YOUR TASK = In full and unchanged, output the entries that follow.

PROVIDED ENTRIES =
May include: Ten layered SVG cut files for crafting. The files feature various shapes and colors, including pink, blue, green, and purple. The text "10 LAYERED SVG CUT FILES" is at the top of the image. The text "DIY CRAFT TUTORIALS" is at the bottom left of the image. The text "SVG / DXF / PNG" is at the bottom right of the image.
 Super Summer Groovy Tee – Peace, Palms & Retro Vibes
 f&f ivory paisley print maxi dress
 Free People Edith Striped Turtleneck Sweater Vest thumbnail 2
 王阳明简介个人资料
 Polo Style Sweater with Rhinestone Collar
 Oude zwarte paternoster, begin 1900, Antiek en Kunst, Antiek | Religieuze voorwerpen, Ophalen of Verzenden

EXPECTED OUTPUT =
May include: Ten layered SVG cut files for crafting. The files feature various shapes and colors, including pink, blue, green, and purple. The text "10 LAYERED SVG CUT FILES" is at the top of the image. The text "DIY CRAFT TUTORIALS" is at the bottom left of the image. The text "SVG / DXF / PNG" is at the bottom right of the image.
 Super Summer Groovy Tee – Peace, Palms & Retro Vibes
 f&f ivory paisley print maxi dress
 Free People Edith Striped Turtleneck Sweater Vest thumbnail 2
 王阳明简介个人资料
 Polo Style Sweater with Rhinestone Collar
 Oude zwarte paternoster, begin 1900, Antiek en Kunst, Antiek | Religieuze voorwerpen, Ophalen of Verzenden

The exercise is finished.